Der Erlkönig
                    Wer reitet so spät durch Nacht und Wind?
                      Es ist der Vater mit seinem Kind;
                      Er hat den Knaben wohl in dem Arm,
                      Er faßt ihn sicher, er hält ihn warm.
                      Mein Sohn, was birgst du so bang dein Gesicht? -
                      Siehst Vater, du den Erlkönig nicht?
                      Den Erlenkönig mit Kron und Schweif? -
                      Mein Sohn, es ist ein Nebelstreif. -
                      »Du liebes Kind, komm, geh mit mir!

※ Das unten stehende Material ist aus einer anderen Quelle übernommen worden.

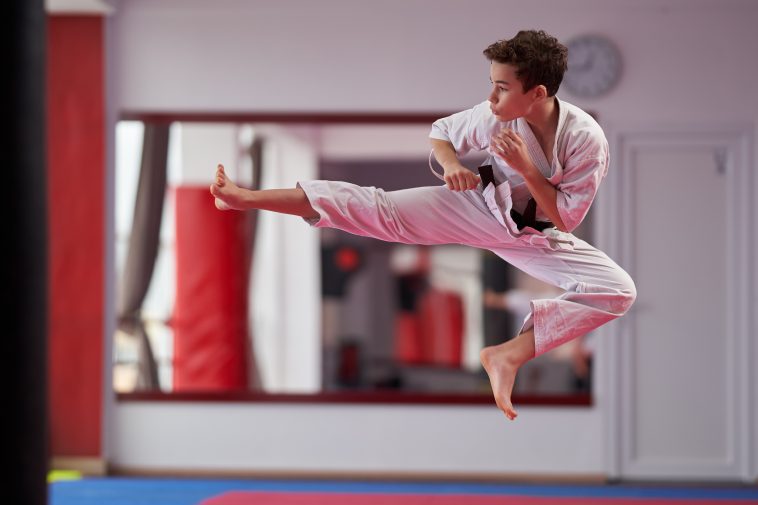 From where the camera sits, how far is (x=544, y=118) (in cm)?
282

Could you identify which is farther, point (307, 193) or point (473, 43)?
point (473, 43)

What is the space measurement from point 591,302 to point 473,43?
296 cm

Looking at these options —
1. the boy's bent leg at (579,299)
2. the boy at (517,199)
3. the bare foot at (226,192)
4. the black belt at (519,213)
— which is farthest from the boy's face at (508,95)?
the bare foot at (226,192)

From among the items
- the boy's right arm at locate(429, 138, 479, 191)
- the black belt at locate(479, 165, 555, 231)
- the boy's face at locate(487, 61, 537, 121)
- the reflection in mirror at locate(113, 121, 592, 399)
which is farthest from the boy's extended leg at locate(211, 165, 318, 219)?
the reflection in mirror at locate(113, 121, 592, 399)

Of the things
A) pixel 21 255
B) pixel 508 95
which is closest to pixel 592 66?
pixel 508 95

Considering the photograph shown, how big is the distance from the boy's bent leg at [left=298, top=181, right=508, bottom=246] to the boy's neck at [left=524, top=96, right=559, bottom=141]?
11.5 inches

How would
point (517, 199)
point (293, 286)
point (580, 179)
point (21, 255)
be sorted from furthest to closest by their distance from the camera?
point (293, 286) → point (517, 199) → point (580, 179) → point (21, 255)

                      Gar schöne Spiele spiel ich mit dir;
                      Manch bunte Blumen sind an dem Strand,
                      Meine Mutter hat manch gülden Gewand.«
                      Mein Vater, mein Vater, und hörest du nicht,
                      Was Erlenkönig mir leise verspricht? -
                      Sei ruhig, bleibe ruhig, mein Kind;
                      In dürren Blättern säuselt der Wind. -
                      »Willst, feiner Knabe, du mit mir gehn?
                      Meine Töchter sollen dich warten schön;
                      Meine Töchter führen den nächtlichen Reihn
                      Und wiegen und tanzen und singen dich ein.«
                      Mein Vater, mein Vater, und siehst du nicht dort
                      Erlkönigs Töchter am düstern Ort? -
                      Mein Sohn, mein Sohn, ich seh es genau:
                      Es scheinen die alten Weiden so grau. -
                      »Ich liebe dich, mich reizt deine schöne Gestalt;
                      Und bist du nicht willig, so brauch ich Gewalt.«
                      Mein Vater, mein Vater, jetzt faßt er mich an!
                      Erlkönig hat mir ein Leids getan! -
                      Dem Vater grauset's, er reitet geschwind,
                      Er hält in den Armen das ächzende Kind,
                      Erreicht den Hof mit Mühe und Not;
                      In seinen Armen das Kind war tot.